Why India's data localisation Policy an Issue to US tech giants ?
Digitization and urbanisation brings change in the life of a common citizen and definitely it impacts the lifestyles of the netizens. It is also fact that technology teaches everyone to have better user experience, it resulted growing demand amongst Indians for Privacy and protection of the Information they share, specifically on digital platforms.
There has been an alarming rise in cybercrimes on a global scale. With India also moving towards a digital economy with the adoption of Aadhaar and an ever-increasing dependency on information, the concerns over cyber security, data protection and privacy are the most talkative agenda.
To address the growing concerns, the Government of India had set up a Committee of Experts, headed by Justice B. N. Srikrishna, to study the challenges surrounding data protection in India and provide their valuable suggestions and principles on which to base the data privacy legislative framework. The objective is to ‘ensure growth of the digital economy while keeping personal data of citizens secured and protected’, we can say as the is the first step in India's Data Privacy journey. The Supreme Court of India also holding 'Right to privacy' as a fundamental right lays the corner stone for a strong data privacy regime in India. The data protection framework, proposed by the Committee of Experts under the chairmanship of former Supreme Court judge Shri B N Srikrishna, is the first step in India's Data Privacy journey.
It is important to strike the right balance between the digital economy and privacy protection which is the key objective of the Data Privacy Framework. Justice Krishna has given a wonderful draft on how to protect the privacy, but it pinches the working style of American MNCs. Now, the question is why?
The policy states, under data localisation, entities are required to store and process personal data on servers physically present within their national boundaries. Although this approach helps address concerns over data privacy, security, surveillance and law enforcement. MNCs, says that, it will increase the burden on businesses by way of increased cost of compliance, and may also impact the building blocks of the economy, which rely on data exchange. However, it is good for India.

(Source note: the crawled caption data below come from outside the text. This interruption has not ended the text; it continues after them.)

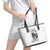 Skull Reaper Leather Tote Bag I Can't Go To Hell Devil Restrainning Order Against Me - Wonder Print Shop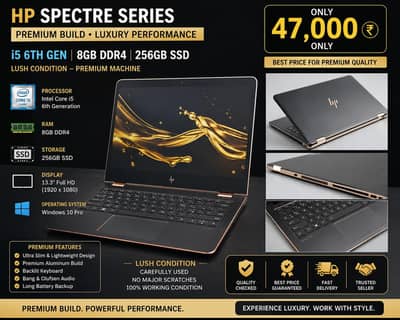 Hp Spectre series i5 6th 8GB DDR4 256gb nvme ssd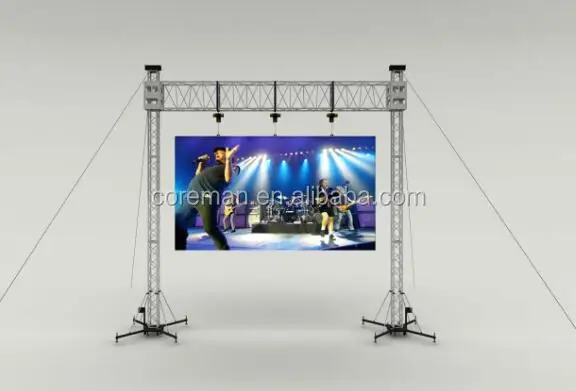 Church curved P3.91 DJ Shows Event Wedding Die-casting Cabinet Indoor/ outdoor rental led display screen P3.91 P4.81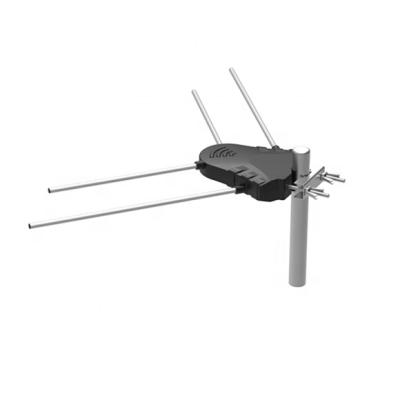 China New Design UHF and VHF Digital Outdoor DVB-T TV Antenna HD-225UV4 Detachable Elements for sale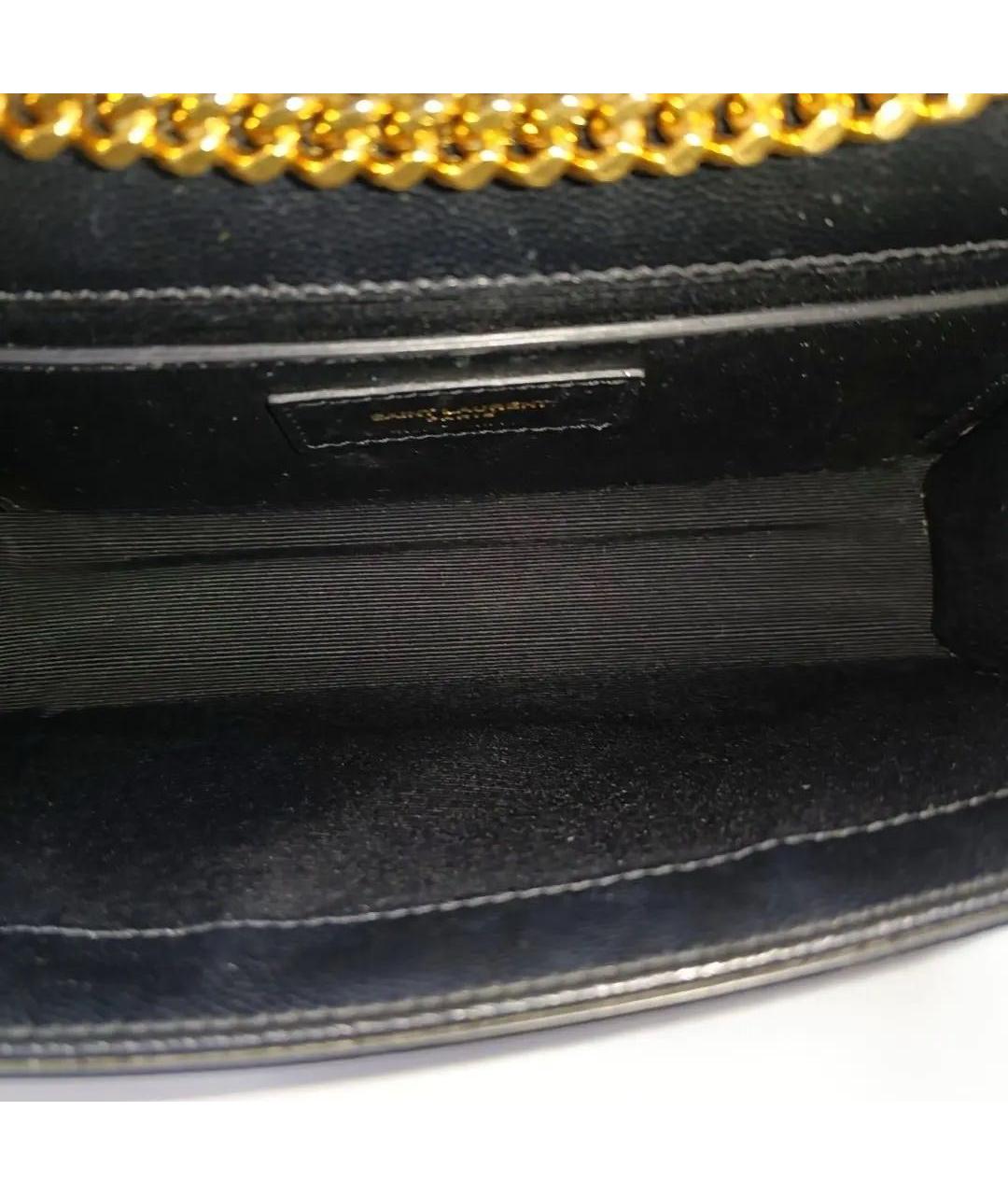 SAINT LAURENT Черная кожаная сумка через плечо, фото 4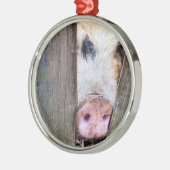SCHWEINE ORNAMENT AUS METALL (Links)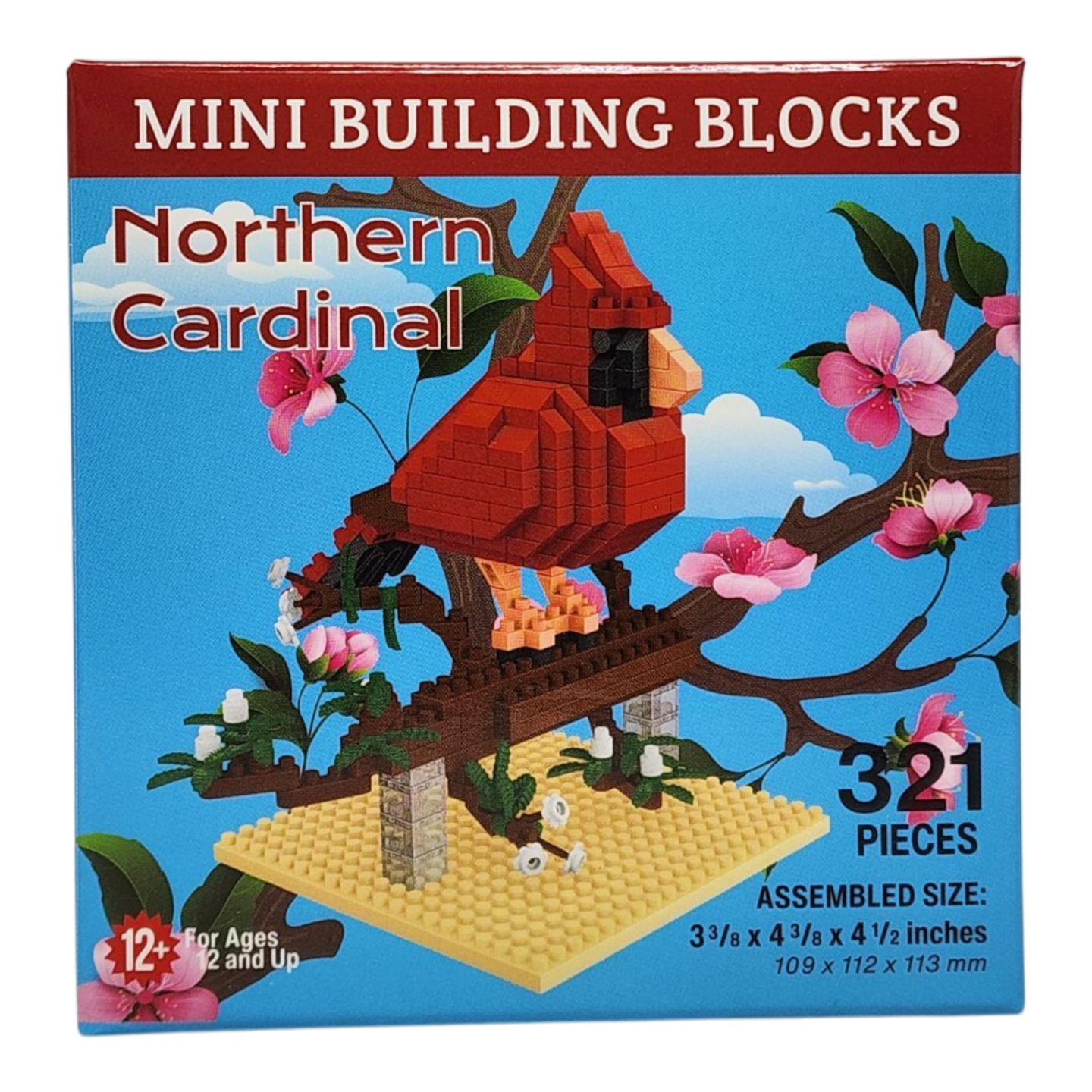 Mini Building Blocks - Cardinal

Secondly, the cross-border transfer Organisations will have to ensure that either: 1. The data is transferred to countries which offer an adequate level of data protection; or 2. Data subjects are offered a level of protection comparable to that they would have received had the data stayed within India
We can’t deny the fact that, before an Organization can make decision on the technical measures it should adopt for data protection, it needs to understand the data protection risk posed by its data processing activities and the wider environment in which it operates. Organizations should evaluate existing/ new technologies w.r.t to data leakage detection/ prevention, audit logging/ monitoring etc., in order to analyse how personal data is being accessed and used, by whom, and how value can be derived from it.
Now, the concern is , US technology giants plan to intensify lobbying efforts against stringent Indian data localisation requirements, which they say will undermine their growth ambitions in India.
U.S trade groups, representing companies such as Amazon, American Express and Microsoft, have opposed India's push to store data locally. That push comes amid rising global efforts to protect user data but is one that could hit planned investments by the firms in the Indian market, where the companies currently have limited data storage. The question comes why the MNCs will not abide by the law of land, when they want to do business to do profit.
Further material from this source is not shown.